Card Sort
Purpose
Students make connections by classifying/categorizing important terms, concepts, visuals, manipulatives, or assessment items.
Materials
Instructions
- Give students (or have them create) a set of cards reflecting various terms, concepts, visuals, genre demands, or assessment items. (Manipulatives can also be sorted.)
- Students work cooperatively to sort the cards or items into various categories such as the following:
- + (know it) ✓ (kind of know it) – (don’t know it)
- Always true Sometimes true Never true
- Closed Sort: Teacher-provided content/concept categories
- Think it Up: How can we explain and justify our answer?
- Open Sort: Student-created categories
- Observe students’ thinking and clarify/verify as appropriate.

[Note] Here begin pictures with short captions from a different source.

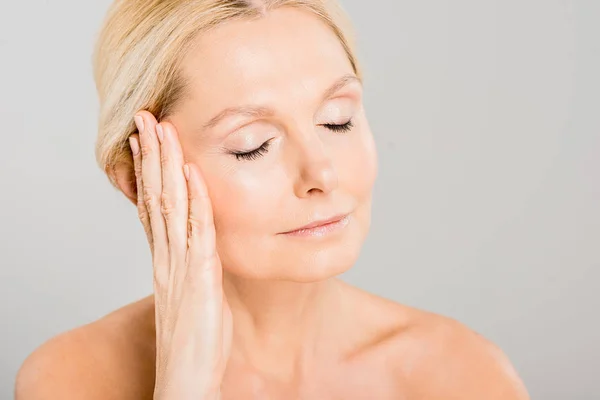 Attractive Blonde Mature Woman Closed Eyes Touching Her Face Isolated — Stock Photo, Image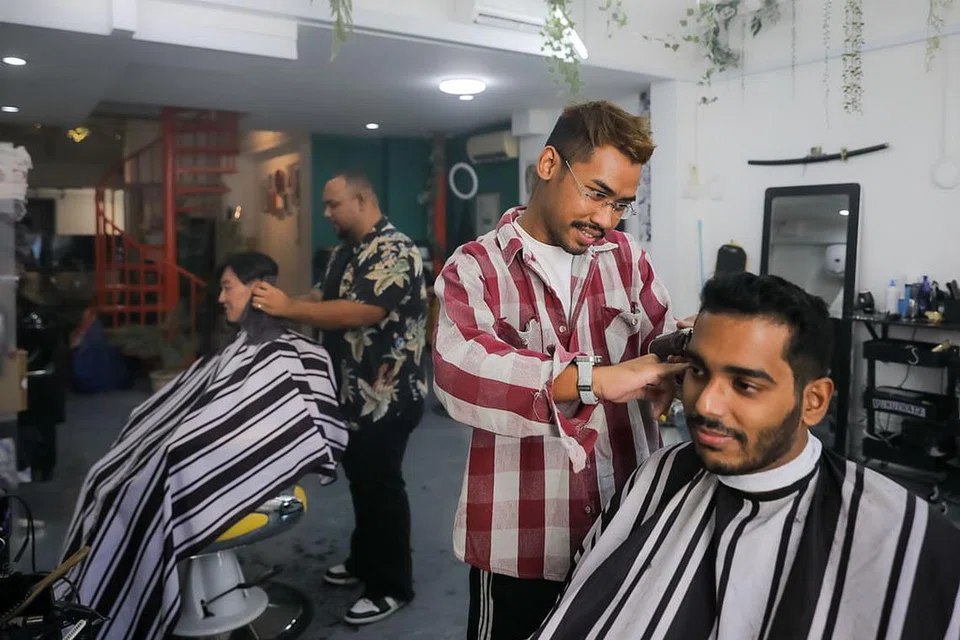 'SNIP! SNIP!': (Atas) Seorang lagi pemilik bersama Bodeiga Barbershop, Encik Taufiq Yusof, melayani pelanggan di kedainya di Boat Quay. - Foto BM oleh GAVIN FOO
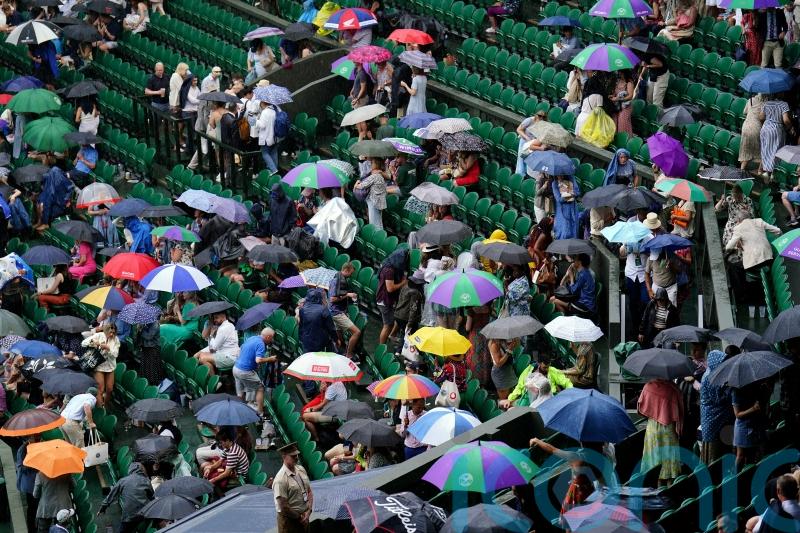 Tennis fans in macs and under umbrellas in queue for Wimbledon’s middle Sunday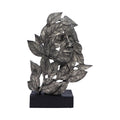 Decorative metal leaf sculpture on a black base against a white background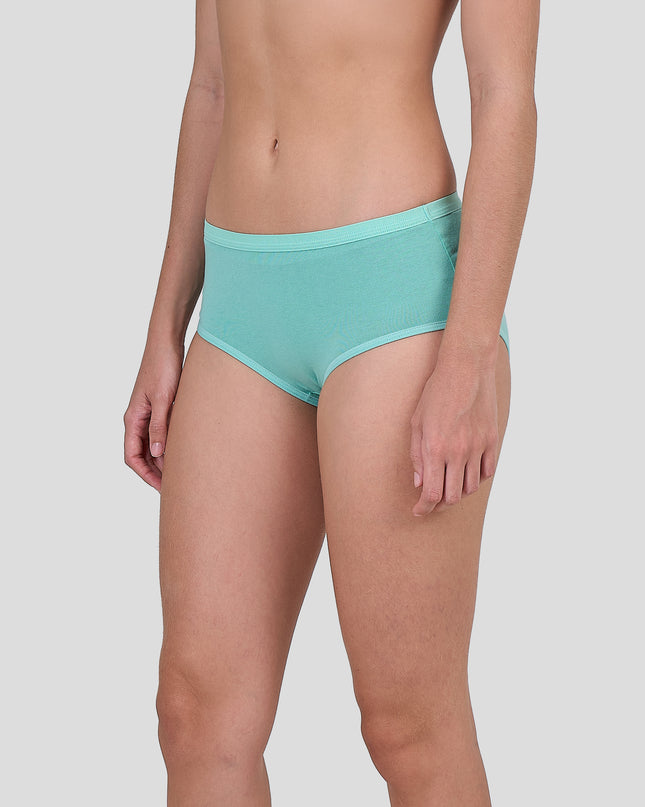 Person wearing Dice teal underwear on a plain background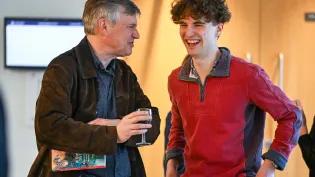 People talking in 50 George Square.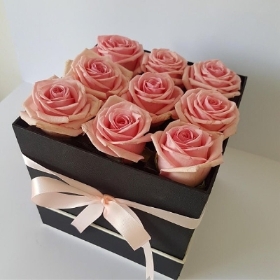 A set of Pink Roses in a hatbox by a Florist in Croydon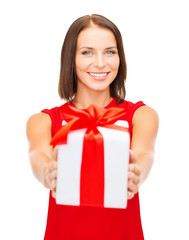 smiling woman in red dress with gift box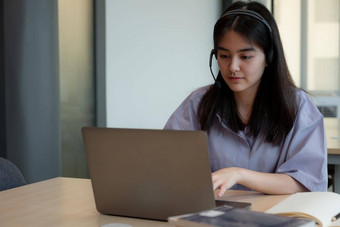 亚洲女孩耳机视频<strong>调用</strong>遥远的类老师移动PC年轻的学生穿耳机导师研究在线电脑在家教育概念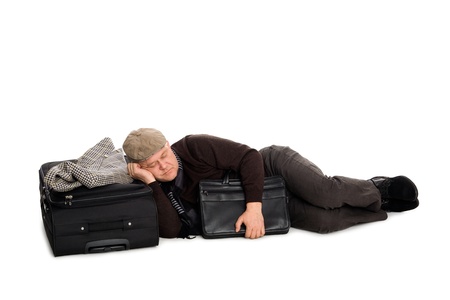 Tired man in anticipation of landing the plane lying on the floor.の写真素材
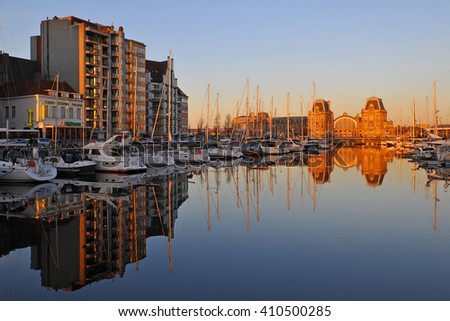The port of Oostende at sunset and its train station bathed in sunlight, Belgium. Translation left: \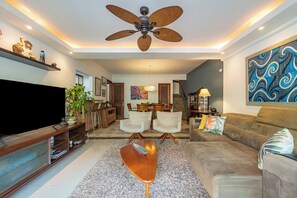 Ein modernes Wohnzimmer mit Flachbildfernseher, Deckenventilator, Sofa, Couchtisch und einem Essbereich mit Stühlen und Tisch.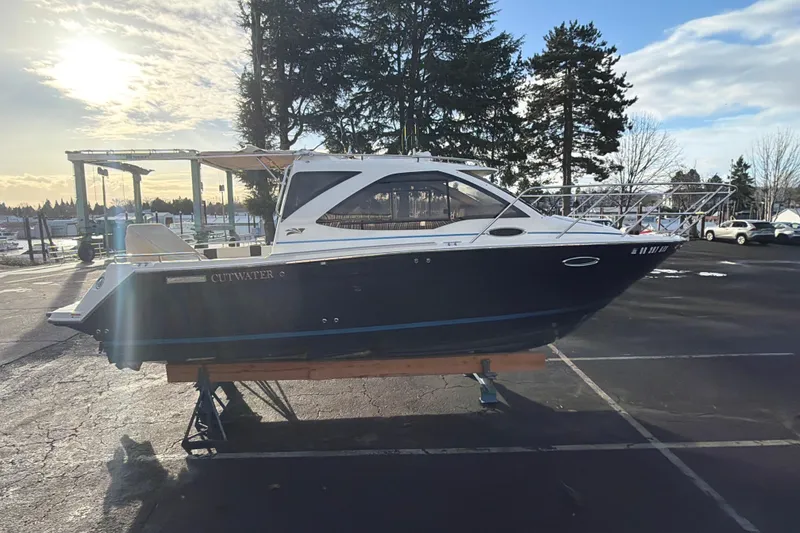 Slide: The Image of 2016 Cutwater C-242 Coupe boat on display in a parking lot, sunny day. - 23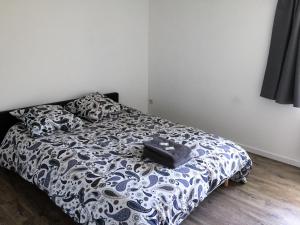 - une chambre avec un lit et une couette noire et blanche dans l'établissement Maison entière au pied des vignes, à Lussac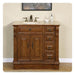 Wooden bathroom vanity with marble top, bronze faucet, and decorative carved details, featuring two doors and four side drawers.
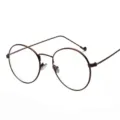 Montura de gafas redonda vintage de metal marrón con diseño minimalista moderno - Marrón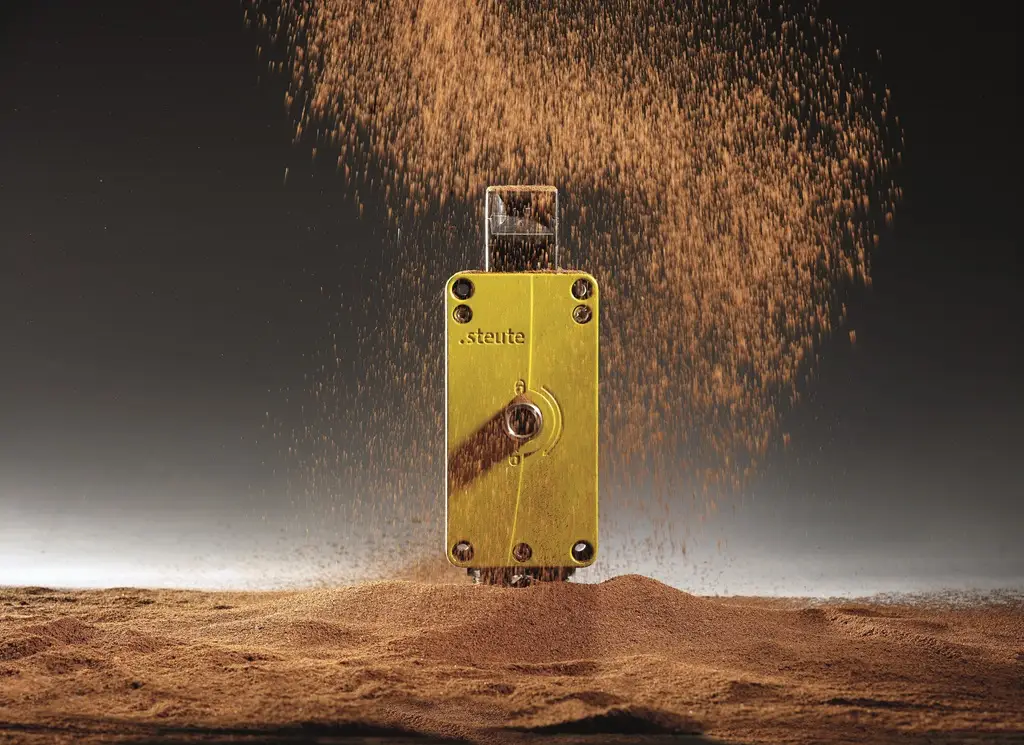 Sicherheitszuhaltungen auf Sand oder anderem pulverigen Untergrund. Ein bisschen davon ist vor dem Gerät in die Luft.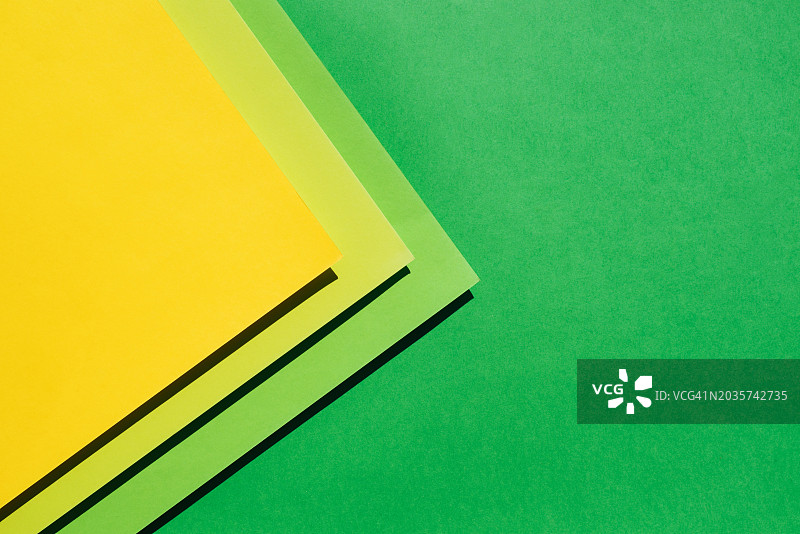 通用彩色背景。文本和图片背景。纸质基底。复制空间。明亮的黄绿色背景。图片素材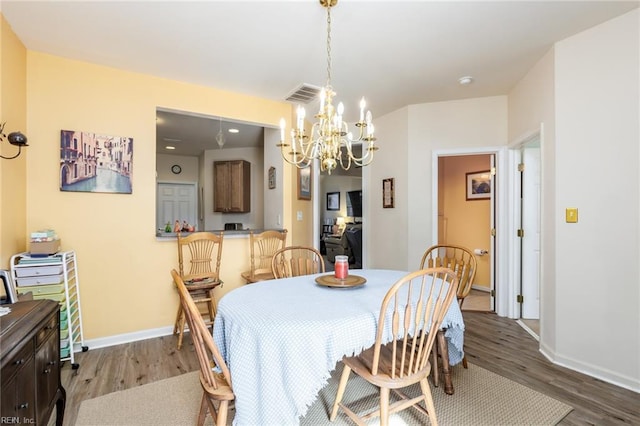 dining area featuring dark hardwood / wood-style flooring and a chandelier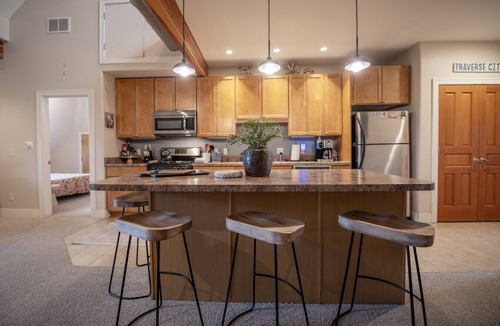 Traverse City Condo | Historic Top-Floor Condo in Downtown Traverse City – Walk to Beaches & Dining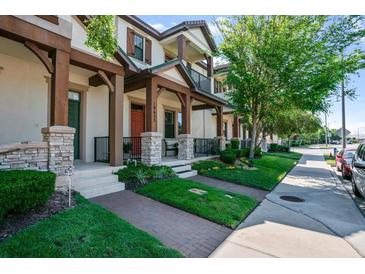 Charming townhouse with stone accents, well-manicured lawn, and inviting covered entryway at 10655 Village Lake Rd, Windermere, FL 34786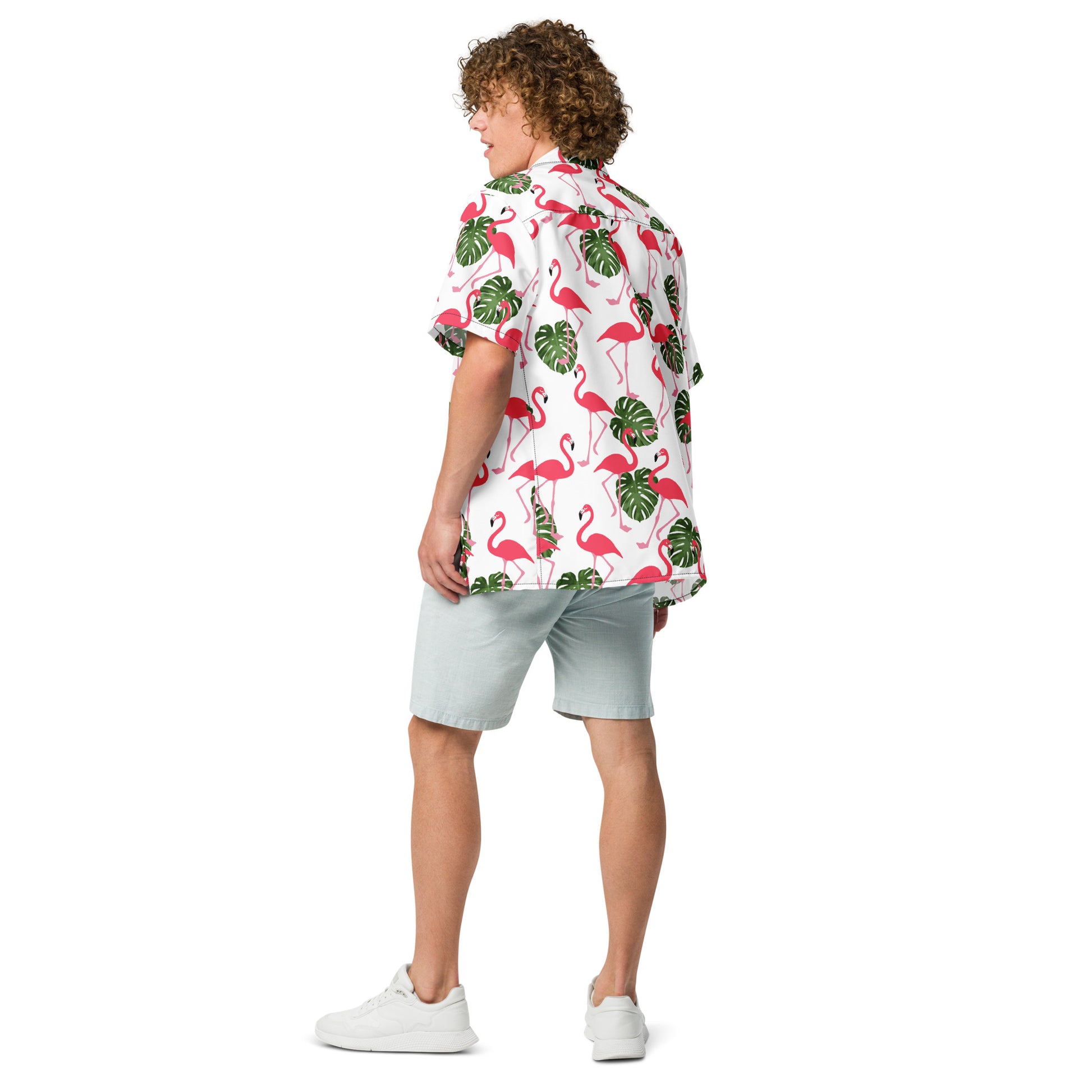 Rear view of man wearing button-down shirt with pattern of flamingos and green palm leaves set on a white background.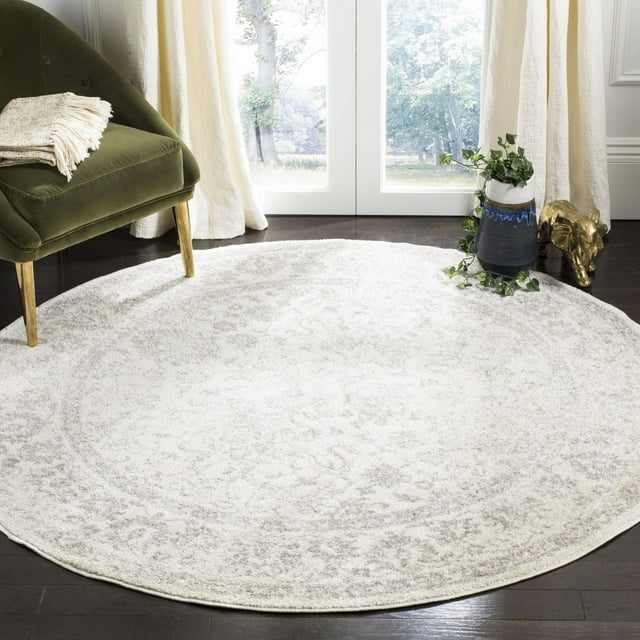 SAFAVIEH Adirondack Wyatt round traditional area rug with subtle floral design in light gray and cream, placed on dark hardwood floor near green chair and decorative vase.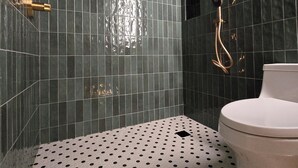Une salle de bain moderne avec des murs recouverts de carreaux foncés, des toilettes blanches et une douche dotée d’une robinetterie dorée.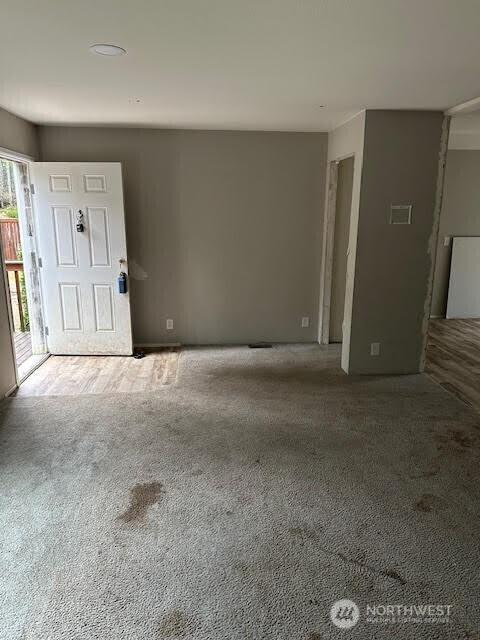 entrance foyer with carpet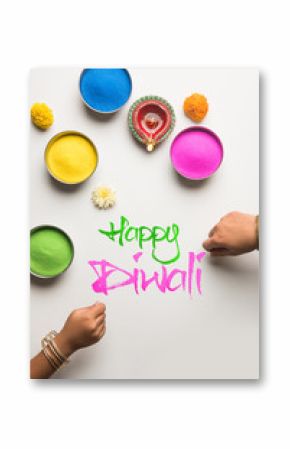 Stock Photo of happy diwali greeting card clicked using elements of Diwali festival like colourful rangoli in bowls, diwali clay lamp or diya and girl or girl making rangoli, writing happy diwali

Vocabulary Journal Variation
- Have each student create a set of vocabulary cards and tape them onto 3 pages in their notebooks:
- Page #1: minus (word cards you don’t know yet)
- Page #2: check (word cards you kind of know)
- Page #3: plus (word cards you know and can teach others)
- Throughout the unit, students move cards forward from minus to check to plus pages.
- To move a card to the plus page, students must complete a “flip up” by drawing a sketch and writing a description on the back of the vocabulary card.
- At the end of the unit, notice which words most students still have on the minus page (loopback review for all) and which words a few students still have on the minus page (intervention for a few).
Classroom Management
- Time Saver: Write words on the board and have students use sticky notes or ripped paper to create word cards.
- Model the strategy using a think-aloud to verbalize the metacognitive thinking associated with the activity.
- Consider using the strategy at the beginning, middle, and end of a lesson to determine which words require loopback review for all or small group intervention.
Differentiation
- Promote access by providing visuals, descriptions, and anchor charts associated with the concepts.
- Promote access by allowing students to partner with a supportive peer or allowing peers to read text aloud.
- Provide response support by creating digital cards that can be read using text-to-speech support.
Think It Up!
- Have students think more deeply about the concept by responding to a Think It Up prompt as an exit ticket or journal entry:
- Sequence the cards from those you know best to those you know least.
- What generalization can you make about all the cards?
- Encourage students to use lead4ward’s Thinking Stems (English/Spanish) to frame their responses, if needed.